Son barrocas las próximas fiestas, recargadas de dispares figuras: belenes, árboles, Papá Noel, los Magos y la estrella, luces y mercadillos en las calles. ¿Cómo poner algún orden en eso? ¿Cómo hacerlo ante hijos de familias cristianas y también no tan cristianas, más bien laicas? ¿Cómo armonizar lo que escuchan, ven en casa y en el aula? Las Navidades ponen a prueba la enseñanza en religión católica frente a otros credos, a otras religiones, a los laicos y al carácter aconfesional de las instituciones públicas.

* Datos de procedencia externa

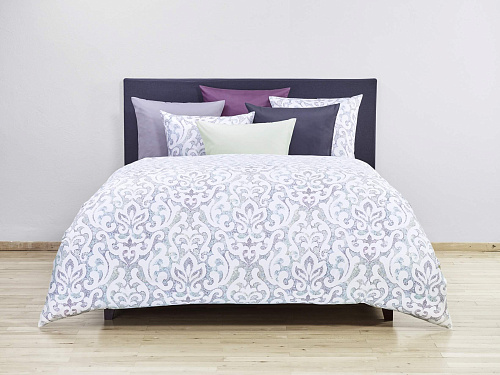 Комплект постельного белья Pirouette Швейцария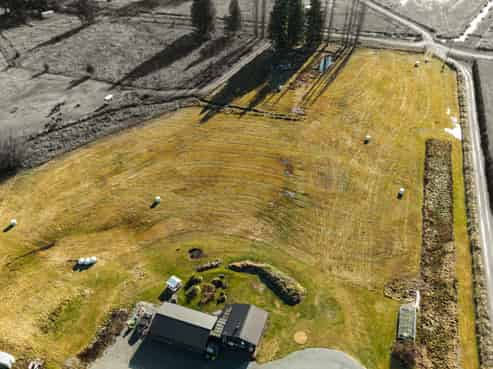 140A Lyford Lane, Twizel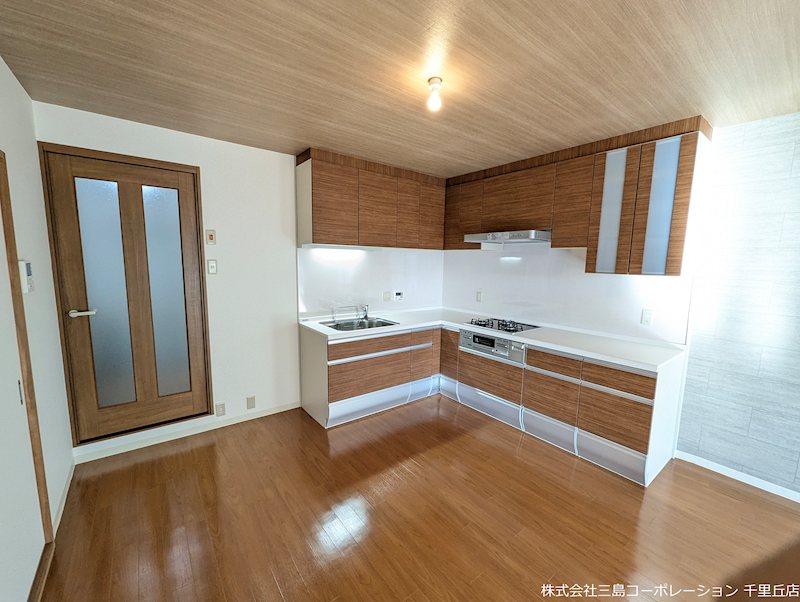 南茨木駅前ハイタウンＨ棟 その他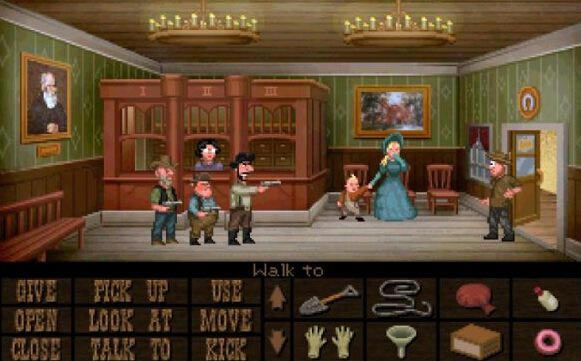 ��ù���µ£���֮�{���Α�վ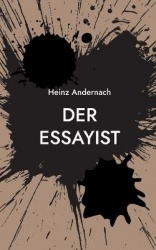 Der Essayist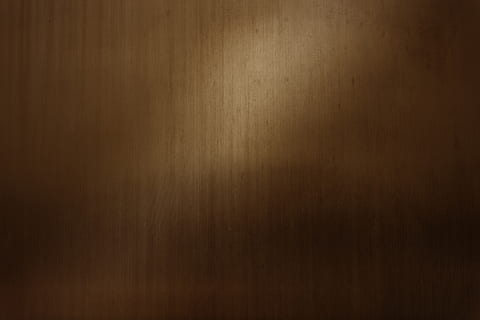 aluminium, backdrop, background, blank, brown, color, copyspace HD wallpaper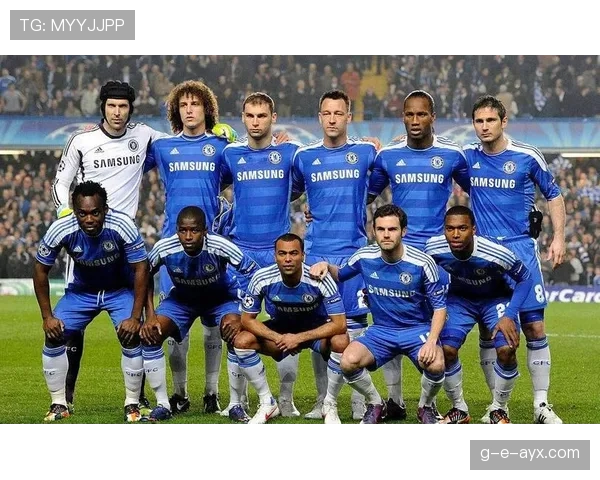 维拉主场力拼切尔西，全力争胜提升积分排名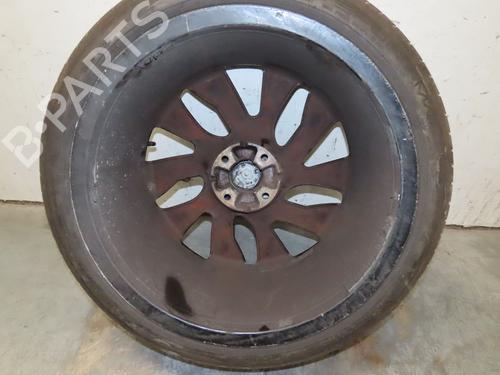 Used Rim CITROËN DS5 2.0 HDi 165 (163 hp) 29872242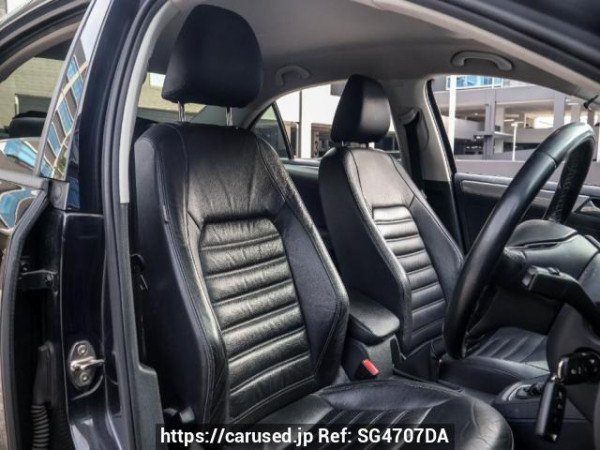 Used 2015 AT volkswagen jetta null Image[10]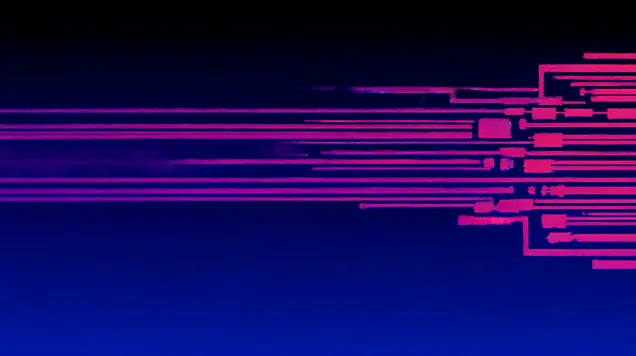 Autonomous Vehicle AI Infrastructure: Edge-to-Cloud GPU Requirements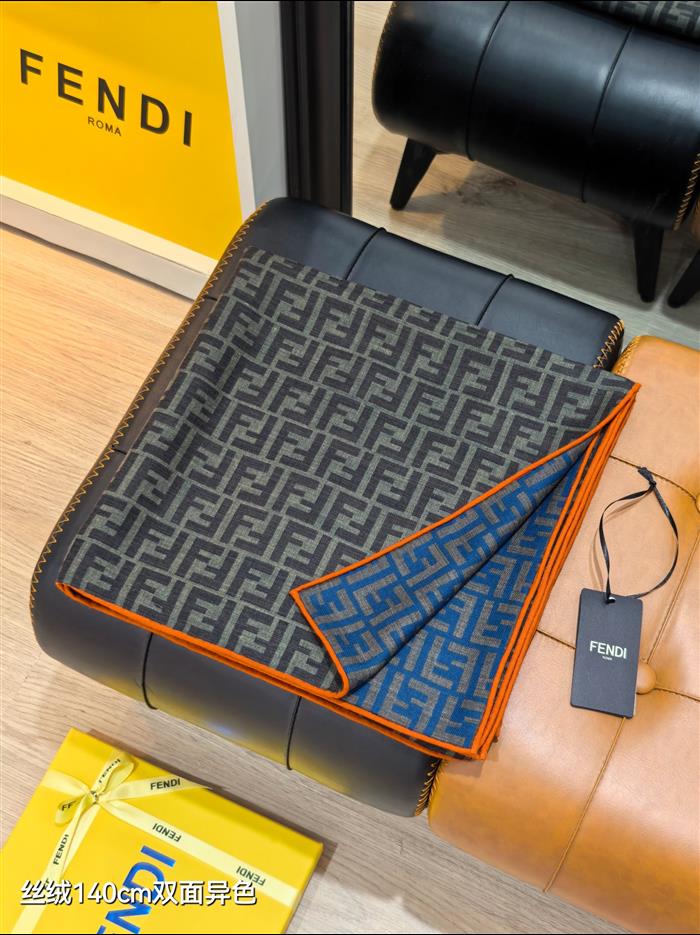 2026116112329237 140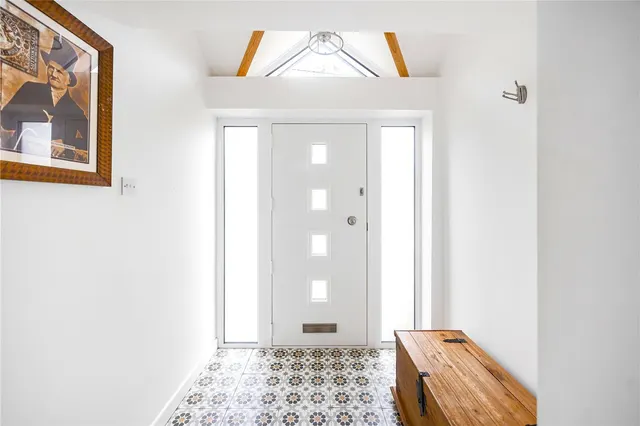 Blounts Court Road, Sonning Common, RG4, photo 3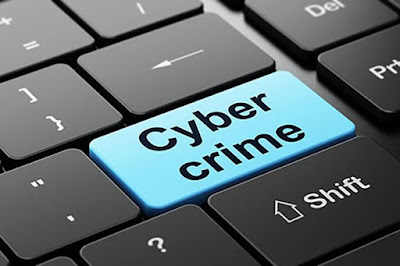 MP Cyber Crime : स्टेट बैंक के खाता धारक से 10 लाख से अधिक की ठगी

Como muchos problemas educativos de calado, si no la solución, sí el método está en guiar un diálogo horizontal entre los alumnos. Hay temas que han de resolverse de arriba a abajo. Sería absurdo preguntar a los alumnos su opinión sobre si la Tierra es redonda o plana o si gira o no en torno al Sol. Si acaso vale como pregunta socrática, para conducir desde respuestas más o menos atinadas al conocimiento del sistema solar. Otras cuestiones, en cambio, no pueden zanjarse desde arriba, desde la tarima.
Han de elaborarse finamente a partir de la puesta en común (mejor que confrontación) entre los preconceptos y prejuicios presentes en el aula.
La maraña de símbolos que rodea a las fiestas navideñas solo puede desenmarañarse si se abandona o matiza el lenguaje indicativo directo (“Papá Noel vive en un bosque nevado”, “vinieron tres Reyes al portal guiados por una estrella”) por un lenguaje indirecto: “La tradición dice que unos Magos”, “una leyenda nórdica habla de un anciano de barba blanca que”. Ese lenguaje puede mantenerse incluso en el núcleo de la natividad. No es heterodoxo hablar así: “El evangelio cuenta que Jesús nació … “. Y añadir, desenmarañando todavía, que su narración es ajena al disparate del desaforado consumo por esas fechas.